Параллельное прочтение доотъездных текстов Бродского о Черном море и двух версий «Посвящается Джироламо Марчелло» (русской и английской) показывает, что автор переносит поэтический опыт своих черноморских стихов на создаваемые образы Венеции. Это подчеркивает сознательное конструирование Бродским своей позиции как русского Овидия еще до эмиграции. Переоткрытие этой позиции после настоящего изгнания связано с ностальгией, встроенной в ее трансформацию – в «перевод», также выполняемый и как переложение на другой язык. Более того, «Посвящается Джироламо Марчелло» и «Набережная неисцелимых» демонстрируют «перевод» фигуры овидиевского поэта-изгнанника в то, что Баба называл лукрецианской постмодернистской субъективностью, которая освобождается от самости, хотя ностальгически тоскует по ней. Автобиографический мотив, который Бродский вводит в название стихотворения, подчеркивает значение этого перевода: его знакомство с венецианцем Джироламо Марчелло, потомком старого рода дожей и адмиралов, вплетается в биографическую легенду Бродского вновь в стихотворении «С натуры»[412]
, написанном через несколько лет после первого, и действует как знак трансформации повествователя, его нового статуса в Венеции, да и в мире[413].Венеция, фантом былого величия, магическое место красоты и упадка, где Время, кажется, остановилось и закаты, доведенные до предела, погружают город в жидкий мрамор и окаменевшую воду, взывает – как мы видели – к романтическому воображению (преимущественно северному) как мощный элегический символ, часть мифа о смерти-в-жизни, сложенного из красоты и ужаса.

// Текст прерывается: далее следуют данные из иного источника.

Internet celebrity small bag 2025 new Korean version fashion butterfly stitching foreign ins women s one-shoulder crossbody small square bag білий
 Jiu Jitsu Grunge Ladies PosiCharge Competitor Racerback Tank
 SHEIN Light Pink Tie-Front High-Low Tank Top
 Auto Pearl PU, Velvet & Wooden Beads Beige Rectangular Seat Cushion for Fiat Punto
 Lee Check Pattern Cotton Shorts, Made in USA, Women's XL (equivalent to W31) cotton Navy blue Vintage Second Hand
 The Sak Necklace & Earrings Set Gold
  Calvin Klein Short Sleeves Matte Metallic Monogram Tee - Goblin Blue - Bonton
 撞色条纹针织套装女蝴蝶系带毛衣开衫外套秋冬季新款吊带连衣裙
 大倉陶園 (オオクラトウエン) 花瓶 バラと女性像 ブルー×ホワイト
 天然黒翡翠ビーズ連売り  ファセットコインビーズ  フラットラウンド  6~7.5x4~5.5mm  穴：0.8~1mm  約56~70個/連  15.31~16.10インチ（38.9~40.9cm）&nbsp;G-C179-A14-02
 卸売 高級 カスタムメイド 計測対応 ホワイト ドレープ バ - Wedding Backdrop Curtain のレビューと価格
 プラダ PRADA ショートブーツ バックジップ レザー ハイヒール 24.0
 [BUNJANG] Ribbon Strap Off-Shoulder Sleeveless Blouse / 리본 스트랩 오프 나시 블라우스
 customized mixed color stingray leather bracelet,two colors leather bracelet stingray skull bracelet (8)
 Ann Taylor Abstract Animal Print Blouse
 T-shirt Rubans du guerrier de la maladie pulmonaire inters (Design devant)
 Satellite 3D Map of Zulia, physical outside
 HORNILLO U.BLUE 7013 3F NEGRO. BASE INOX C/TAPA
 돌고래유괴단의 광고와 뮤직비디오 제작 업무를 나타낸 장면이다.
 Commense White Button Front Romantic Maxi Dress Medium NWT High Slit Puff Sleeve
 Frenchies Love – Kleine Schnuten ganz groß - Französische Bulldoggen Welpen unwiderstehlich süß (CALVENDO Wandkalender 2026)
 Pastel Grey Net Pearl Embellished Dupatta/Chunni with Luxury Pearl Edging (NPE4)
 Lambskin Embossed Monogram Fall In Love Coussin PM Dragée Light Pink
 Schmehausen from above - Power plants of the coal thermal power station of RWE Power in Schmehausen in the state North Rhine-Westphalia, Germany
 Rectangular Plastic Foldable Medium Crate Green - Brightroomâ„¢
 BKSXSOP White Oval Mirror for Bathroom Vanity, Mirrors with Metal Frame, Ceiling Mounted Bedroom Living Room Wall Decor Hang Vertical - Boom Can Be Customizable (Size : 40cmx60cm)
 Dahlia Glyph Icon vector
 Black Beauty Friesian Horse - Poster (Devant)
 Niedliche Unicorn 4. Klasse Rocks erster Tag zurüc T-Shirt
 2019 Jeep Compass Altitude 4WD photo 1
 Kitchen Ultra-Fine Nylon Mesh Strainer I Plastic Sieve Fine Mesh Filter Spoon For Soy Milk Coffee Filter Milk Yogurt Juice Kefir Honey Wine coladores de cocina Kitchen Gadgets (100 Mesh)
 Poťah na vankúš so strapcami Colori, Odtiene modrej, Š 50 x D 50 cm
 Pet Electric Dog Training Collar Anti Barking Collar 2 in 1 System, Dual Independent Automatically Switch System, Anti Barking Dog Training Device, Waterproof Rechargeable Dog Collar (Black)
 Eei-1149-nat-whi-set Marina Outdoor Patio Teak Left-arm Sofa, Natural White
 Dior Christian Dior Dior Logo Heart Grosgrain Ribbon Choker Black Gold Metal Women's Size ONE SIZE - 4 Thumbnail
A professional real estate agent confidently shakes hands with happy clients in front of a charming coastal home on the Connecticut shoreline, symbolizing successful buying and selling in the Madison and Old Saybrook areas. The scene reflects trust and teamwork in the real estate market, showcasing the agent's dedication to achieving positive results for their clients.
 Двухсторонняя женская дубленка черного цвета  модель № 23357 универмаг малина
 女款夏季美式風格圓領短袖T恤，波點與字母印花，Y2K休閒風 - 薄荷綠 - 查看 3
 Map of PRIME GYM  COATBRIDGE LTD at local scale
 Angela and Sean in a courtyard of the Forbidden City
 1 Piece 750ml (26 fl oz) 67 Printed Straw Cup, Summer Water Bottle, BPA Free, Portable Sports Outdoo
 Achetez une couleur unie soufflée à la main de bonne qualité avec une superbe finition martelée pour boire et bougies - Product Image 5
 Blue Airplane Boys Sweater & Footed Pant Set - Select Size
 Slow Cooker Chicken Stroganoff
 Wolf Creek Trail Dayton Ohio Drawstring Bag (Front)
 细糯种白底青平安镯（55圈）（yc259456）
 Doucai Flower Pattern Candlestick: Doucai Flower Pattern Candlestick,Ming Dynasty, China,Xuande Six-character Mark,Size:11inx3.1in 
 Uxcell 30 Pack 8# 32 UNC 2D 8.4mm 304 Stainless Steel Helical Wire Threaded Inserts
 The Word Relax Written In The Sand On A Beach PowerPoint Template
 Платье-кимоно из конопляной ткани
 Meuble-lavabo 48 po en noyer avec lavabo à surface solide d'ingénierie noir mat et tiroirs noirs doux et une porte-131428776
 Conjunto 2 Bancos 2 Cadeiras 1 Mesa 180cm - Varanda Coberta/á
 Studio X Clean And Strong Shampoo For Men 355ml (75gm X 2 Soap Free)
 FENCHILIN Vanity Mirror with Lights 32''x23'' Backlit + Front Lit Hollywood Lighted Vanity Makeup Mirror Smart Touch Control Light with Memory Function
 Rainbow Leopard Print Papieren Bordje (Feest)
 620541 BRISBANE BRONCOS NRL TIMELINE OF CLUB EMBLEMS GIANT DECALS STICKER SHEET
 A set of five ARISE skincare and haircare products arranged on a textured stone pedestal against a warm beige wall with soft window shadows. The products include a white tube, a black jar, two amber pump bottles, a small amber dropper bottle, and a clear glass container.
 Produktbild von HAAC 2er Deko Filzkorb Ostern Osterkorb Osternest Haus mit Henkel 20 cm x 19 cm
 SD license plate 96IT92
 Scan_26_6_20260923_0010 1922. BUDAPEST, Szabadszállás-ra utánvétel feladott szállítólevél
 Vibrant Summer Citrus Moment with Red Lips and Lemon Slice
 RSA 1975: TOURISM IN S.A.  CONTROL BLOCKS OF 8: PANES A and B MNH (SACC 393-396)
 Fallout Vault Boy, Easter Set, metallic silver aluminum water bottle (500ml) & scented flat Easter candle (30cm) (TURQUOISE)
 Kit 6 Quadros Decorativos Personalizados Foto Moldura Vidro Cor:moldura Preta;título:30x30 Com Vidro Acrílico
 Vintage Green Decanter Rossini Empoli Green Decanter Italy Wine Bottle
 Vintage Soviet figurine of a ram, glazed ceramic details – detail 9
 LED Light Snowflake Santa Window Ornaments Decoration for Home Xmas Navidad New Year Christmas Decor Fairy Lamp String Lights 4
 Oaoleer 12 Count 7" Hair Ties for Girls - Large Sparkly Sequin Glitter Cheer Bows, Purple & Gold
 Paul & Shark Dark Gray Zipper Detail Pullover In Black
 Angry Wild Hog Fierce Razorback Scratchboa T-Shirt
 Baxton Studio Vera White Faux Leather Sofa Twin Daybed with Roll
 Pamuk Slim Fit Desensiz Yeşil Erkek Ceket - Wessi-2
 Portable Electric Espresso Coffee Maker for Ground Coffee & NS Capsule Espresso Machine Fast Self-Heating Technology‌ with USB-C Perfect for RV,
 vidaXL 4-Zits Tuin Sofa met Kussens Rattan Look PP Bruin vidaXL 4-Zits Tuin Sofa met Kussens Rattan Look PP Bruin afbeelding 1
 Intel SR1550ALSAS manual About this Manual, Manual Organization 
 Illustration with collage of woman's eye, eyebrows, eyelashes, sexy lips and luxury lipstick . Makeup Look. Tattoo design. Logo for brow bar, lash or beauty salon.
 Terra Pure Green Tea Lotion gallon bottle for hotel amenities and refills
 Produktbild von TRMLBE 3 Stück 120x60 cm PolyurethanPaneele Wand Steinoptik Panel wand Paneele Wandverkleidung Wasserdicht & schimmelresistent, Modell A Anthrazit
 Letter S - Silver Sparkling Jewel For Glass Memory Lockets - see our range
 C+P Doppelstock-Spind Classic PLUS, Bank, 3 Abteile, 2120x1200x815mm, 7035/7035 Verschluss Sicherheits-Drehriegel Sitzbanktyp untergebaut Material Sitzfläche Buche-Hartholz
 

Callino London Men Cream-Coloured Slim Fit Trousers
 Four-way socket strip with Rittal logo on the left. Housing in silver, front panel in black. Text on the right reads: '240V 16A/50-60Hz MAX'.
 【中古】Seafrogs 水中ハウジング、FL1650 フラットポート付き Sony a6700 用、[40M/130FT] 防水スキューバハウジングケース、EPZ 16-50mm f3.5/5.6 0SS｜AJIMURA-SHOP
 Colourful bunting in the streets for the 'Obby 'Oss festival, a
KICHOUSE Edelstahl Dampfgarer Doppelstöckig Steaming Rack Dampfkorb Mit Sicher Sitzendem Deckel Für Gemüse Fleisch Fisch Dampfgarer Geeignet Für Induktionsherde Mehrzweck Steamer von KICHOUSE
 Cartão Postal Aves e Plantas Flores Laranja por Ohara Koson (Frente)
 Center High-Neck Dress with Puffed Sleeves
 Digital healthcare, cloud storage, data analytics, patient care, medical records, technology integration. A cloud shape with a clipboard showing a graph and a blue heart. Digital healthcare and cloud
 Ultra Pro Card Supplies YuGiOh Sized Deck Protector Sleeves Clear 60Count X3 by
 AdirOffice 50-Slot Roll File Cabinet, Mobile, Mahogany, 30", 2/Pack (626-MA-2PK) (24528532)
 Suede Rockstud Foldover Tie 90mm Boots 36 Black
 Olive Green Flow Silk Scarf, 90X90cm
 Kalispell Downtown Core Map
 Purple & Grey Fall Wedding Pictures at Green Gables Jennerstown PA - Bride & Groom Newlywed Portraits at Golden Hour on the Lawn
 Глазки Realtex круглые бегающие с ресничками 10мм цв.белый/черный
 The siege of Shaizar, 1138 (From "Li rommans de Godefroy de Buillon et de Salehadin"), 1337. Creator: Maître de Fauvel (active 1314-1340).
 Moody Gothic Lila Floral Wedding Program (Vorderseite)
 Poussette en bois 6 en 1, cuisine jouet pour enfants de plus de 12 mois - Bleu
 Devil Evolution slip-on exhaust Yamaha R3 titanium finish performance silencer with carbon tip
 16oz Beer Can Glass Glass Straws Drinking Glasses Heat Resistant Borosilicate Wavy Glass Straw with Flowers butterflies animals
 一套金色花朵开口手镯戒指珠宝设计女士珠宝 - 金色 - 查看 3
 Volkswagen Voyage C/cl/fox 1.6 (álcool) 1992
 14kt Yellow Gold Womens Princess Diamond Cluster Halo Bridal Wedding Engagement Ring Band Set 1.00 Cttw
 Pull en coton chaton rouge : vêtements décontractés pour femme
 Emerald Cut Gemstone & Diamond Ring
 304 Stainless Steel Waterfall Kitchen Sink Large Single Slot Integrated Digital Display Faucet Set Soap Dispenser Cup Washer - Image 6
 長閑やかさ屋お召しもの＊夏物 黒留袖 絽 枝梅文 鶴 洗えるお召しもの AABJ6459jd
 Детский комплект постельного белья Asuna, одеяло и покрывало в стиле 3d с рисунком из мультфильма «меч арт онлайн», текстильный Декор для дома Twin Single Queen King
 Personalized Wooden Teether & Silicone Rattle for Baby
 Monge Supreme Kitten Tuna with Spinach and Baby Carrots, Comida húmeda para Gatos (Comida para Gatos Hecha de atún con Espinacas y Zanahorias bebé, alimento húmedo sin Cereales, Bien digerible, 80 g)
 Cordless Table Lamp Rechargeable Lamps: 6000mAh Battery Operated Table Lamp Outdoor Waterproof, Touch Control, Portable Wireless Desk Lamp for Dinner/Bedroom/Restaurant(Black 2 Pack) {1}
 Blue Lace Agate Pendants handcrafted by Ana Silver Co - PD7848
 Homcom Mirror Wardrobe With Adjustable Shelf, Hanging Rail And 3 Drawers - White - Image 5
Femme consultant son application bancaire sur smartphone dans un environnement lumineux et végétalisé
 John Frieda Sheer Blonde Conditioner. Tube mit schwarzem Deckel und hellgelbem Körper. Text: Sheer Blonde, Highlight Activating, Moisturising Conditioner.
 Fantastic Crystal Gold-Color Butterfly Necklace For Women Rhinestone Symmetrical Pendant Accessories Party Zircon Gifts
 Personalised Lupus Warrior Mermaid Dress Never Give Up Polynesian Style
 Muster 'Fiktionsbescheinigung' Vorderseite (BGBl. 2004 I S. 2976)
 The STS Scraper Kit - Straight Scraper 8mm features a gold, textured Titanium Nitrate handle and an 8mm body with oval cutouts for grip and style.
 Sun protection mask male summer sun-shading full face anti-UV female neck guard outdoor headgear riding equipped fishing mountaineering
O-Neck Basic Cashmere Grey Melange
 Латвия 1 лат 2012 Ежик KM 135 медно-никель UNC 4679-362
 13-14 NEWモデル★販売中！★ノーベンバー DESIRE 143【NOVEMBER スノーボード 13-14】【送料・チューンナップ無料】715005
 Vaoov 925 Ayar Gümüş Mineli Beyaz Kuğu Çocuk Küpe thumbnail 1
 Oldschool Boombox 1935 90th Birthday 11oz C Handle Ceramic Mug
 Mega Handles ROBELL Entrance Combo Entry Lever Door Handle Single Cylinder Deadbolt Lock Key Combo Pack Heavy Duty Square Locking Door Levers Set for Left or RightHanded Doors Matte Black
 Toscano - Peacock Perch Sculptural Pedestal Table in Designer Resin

Тони Таннер в своем обширном обзоре литературных образов Венеции, входящем в книгу «Желанная Венеция», показывает, как город вдохновлял писателей разных эпох и как их тексты открывали «парадигматическую двойственность», присущую городу. Среди писателей, упоминаемых Таннером, – Байрон, Джон Рескин, Герман Мелвилл, Генри Джеймс, Гуго фон Гофмансталь, Марсель Пруст, Эзра Паунд, Томас Манн и Жан-Поль Сартр. В заключении Таннер цитирует социолога и представителя культурфилософии начала XX века Георга Зиммеля, для которого венецианская двойственность воплощает идею Шопенгауэра о том, что жизнь «насквозь двусмысленна». Для Зиммеля Венеция была фасадом – она «лишь бездушная декорация, лишь лживая красота маски <…> здесь есть только некая оболочка, лишенная внутреннего содержания <…> Монотонность всех венецианских ритмов лишает нас встрясок и импульсов, необходимых для ощущения полноты бытия, и приближает к состоянию сновидения, где нас окружает видимость вещей, лишенная самих вещей». Это ведет к идее венецианской двойственности, явленной в ее дворцах и площадях, равно как и в городе в целом: «двусмысленна двойная жизнь этого города, состоящего, во-первых, из сплетения переулков и, во-вторых, из сплетения каналов, так что он на самом деле не принадлежит ни воде, ни суше». В заключение Зиммель представляет Венецию как метафору жизни: «В том, что наша жизнь, собственно, образует лишь некий передний план, за которым как нечто единственно достоверное стоит смерть, заключено последнее основание того, что жизнь, как говорит Шопенгауэр, „насквозь двусмысленна“»[414]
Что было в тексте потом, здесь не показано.